■ **PROMPT**
Transcribe every record verbatim; no pictures.

■ **DATA FOR REVIEW**
□ □ □ □ □ □ □

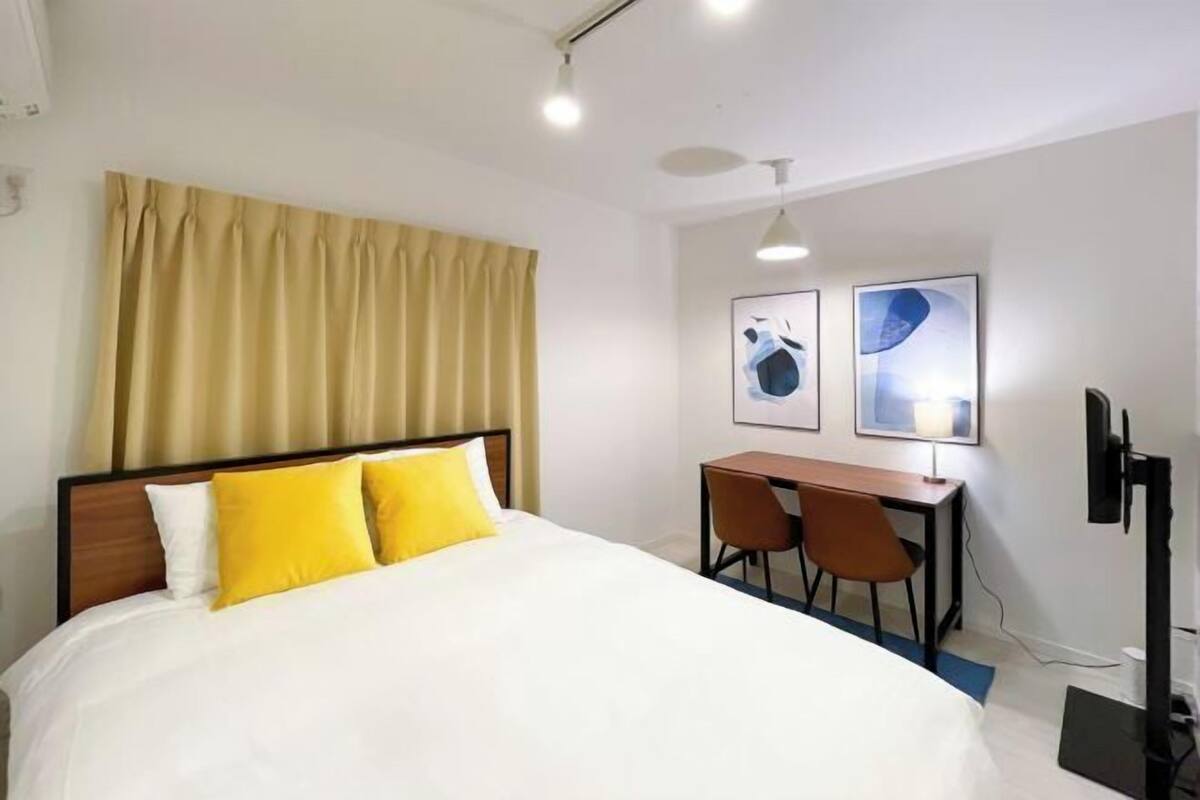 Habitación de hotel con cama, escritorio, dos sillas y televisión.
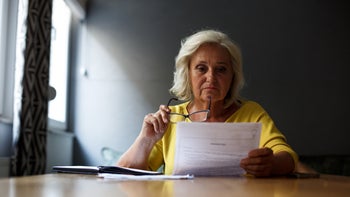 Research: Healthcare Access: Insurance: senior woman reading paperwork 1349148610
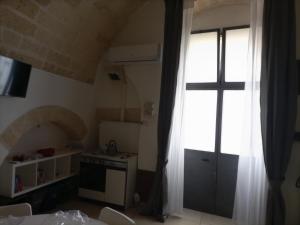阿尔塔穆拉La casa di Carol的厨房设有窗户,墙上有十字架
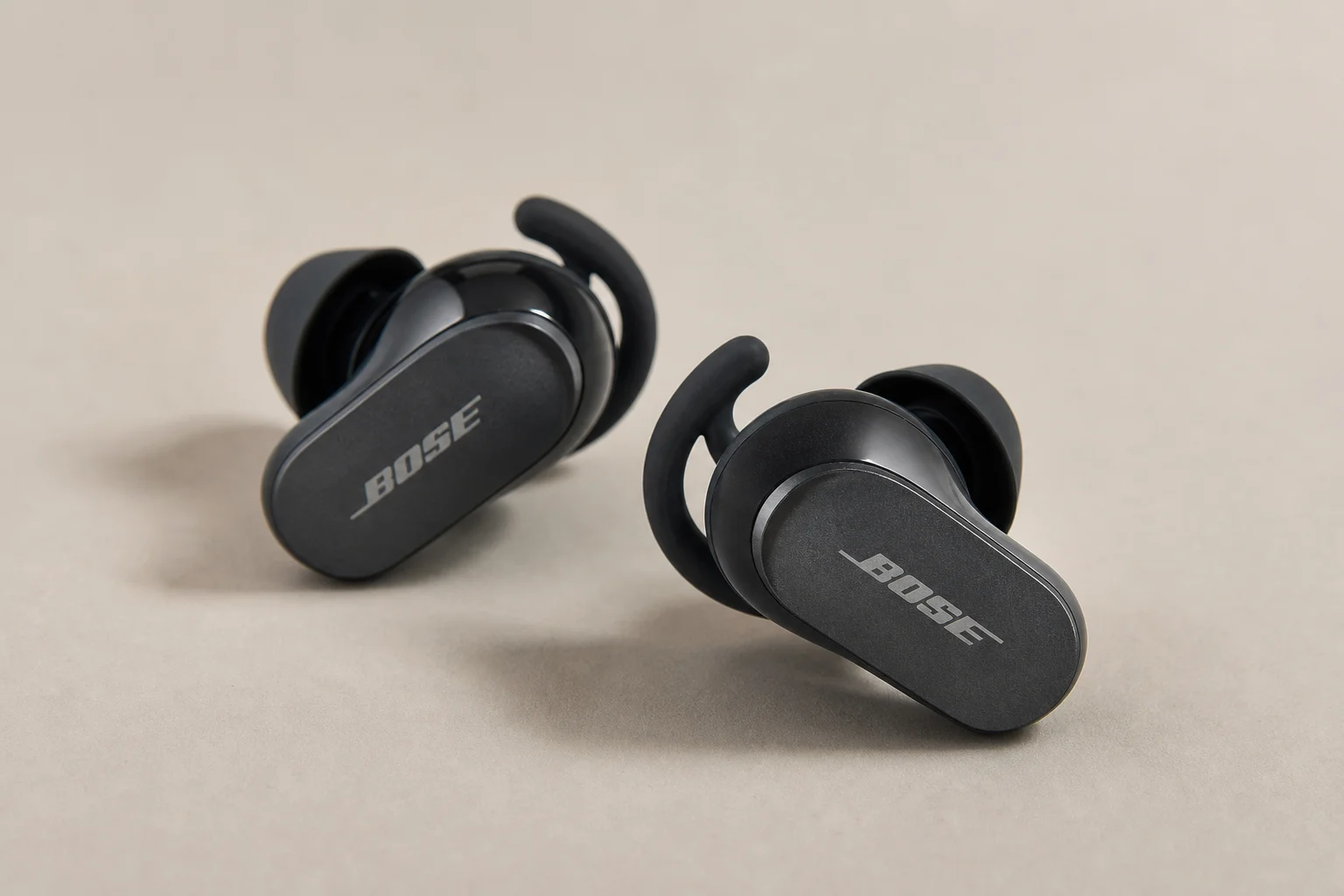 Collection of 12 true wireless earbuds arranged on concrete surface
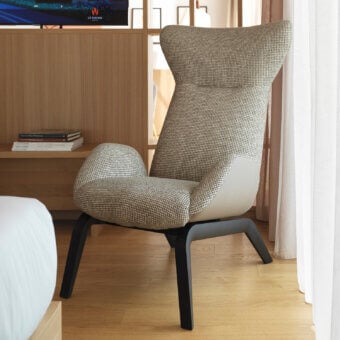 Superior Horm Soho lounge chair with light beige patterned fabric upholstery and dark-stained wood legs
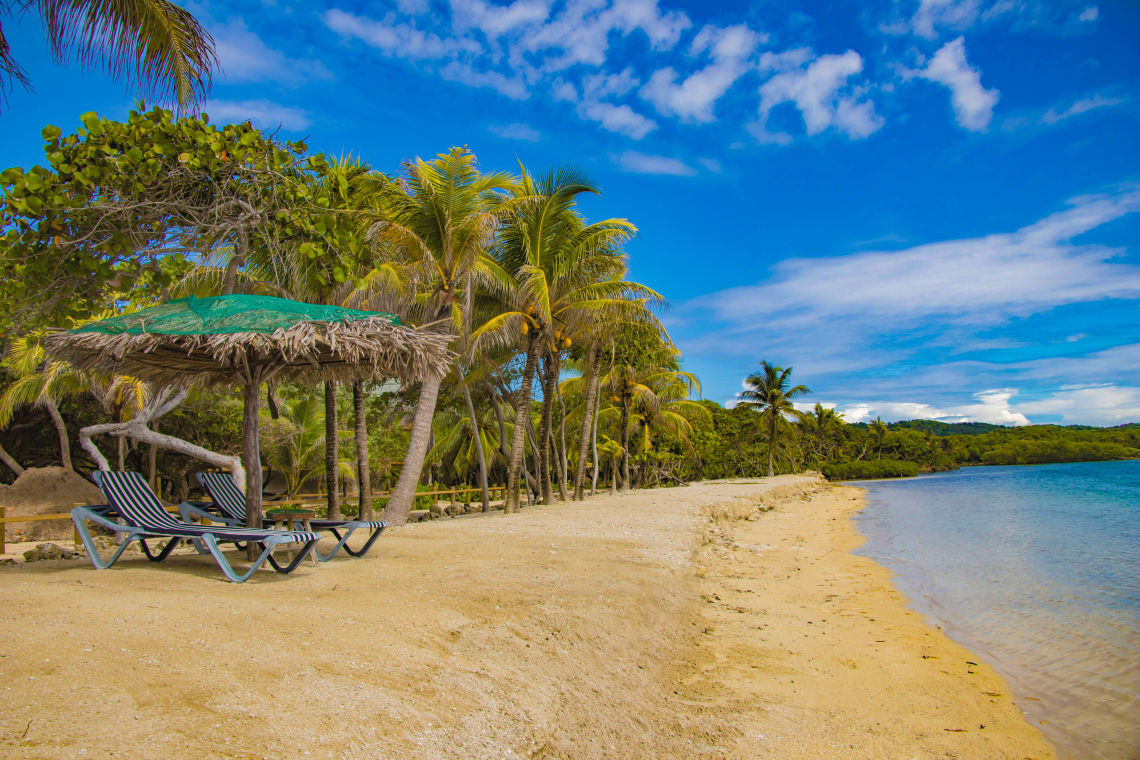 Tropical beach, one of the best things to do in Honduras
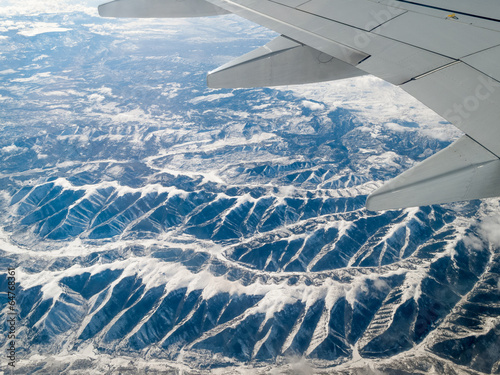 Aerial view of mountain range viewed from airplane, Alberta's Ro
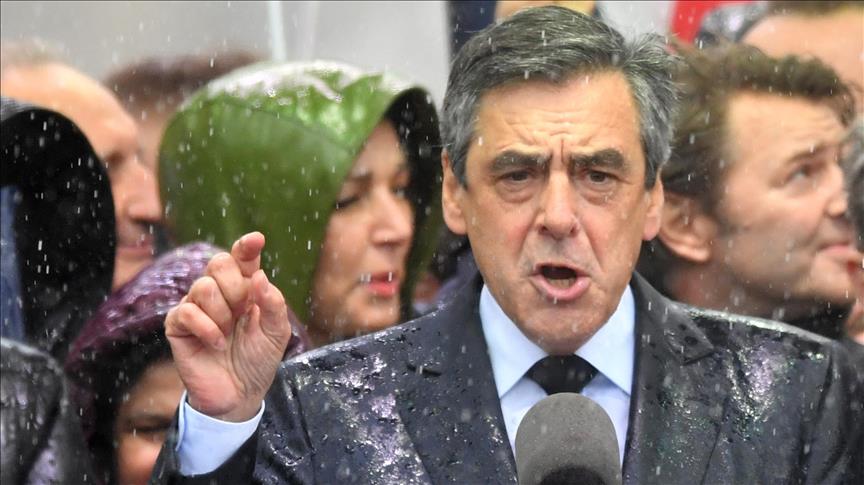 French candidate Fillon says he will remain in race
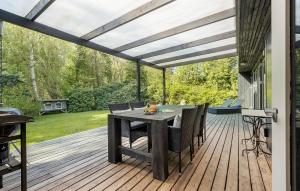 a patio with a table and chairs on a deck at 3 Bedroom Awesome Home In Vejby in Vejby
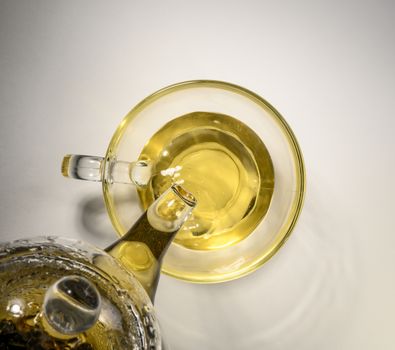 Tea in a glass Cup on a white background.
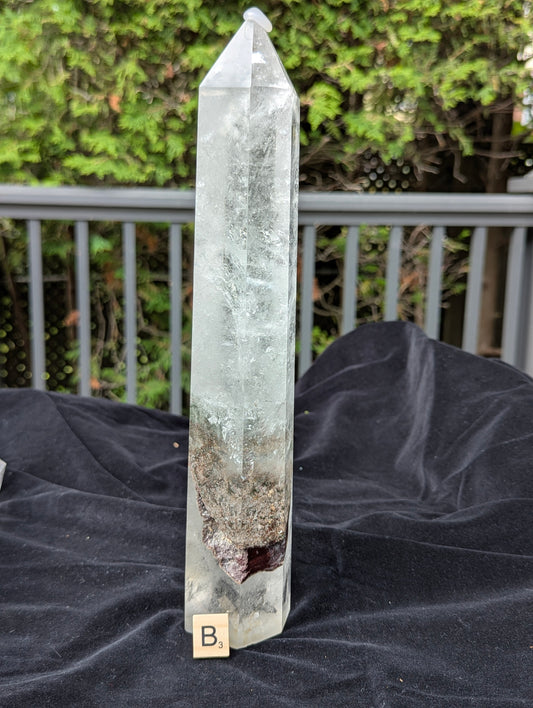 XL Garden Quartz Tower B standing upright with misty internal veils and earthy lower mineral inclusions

□ □ □ □ □ □ □

■ **EXPECTED OUTPUT**
 Habitación de hotel con cama, escritorio, dos sillas y televisión.
 Research: Healthcare Access: Insurance: senior woman reading paperwork 1349148610
阿尔塔穆拉La casa di Carol的厨房设有窗户,墙上有十字架
 Collection of 12 true wireless earbuds arranged on concrete surface
 Superior Horm Soho lounge chair with light beige patterned fabric upholstery and dark-stained wood legs
 Tropical beach, one of the best things to do in Honduras
 Aerial view of mountain range viewed from airplane, Alberta's Ro
 French candidate Fillon says he will remain in race
 a patio with a table and chairs on a deck at 3 Bedroom Awesome Home In Vejby in Vejby
 Tea in a glass Cup on a white background.
 XL Garden Quartz Tower B standing upright with misty internal veils and earthy lower mineral inclusions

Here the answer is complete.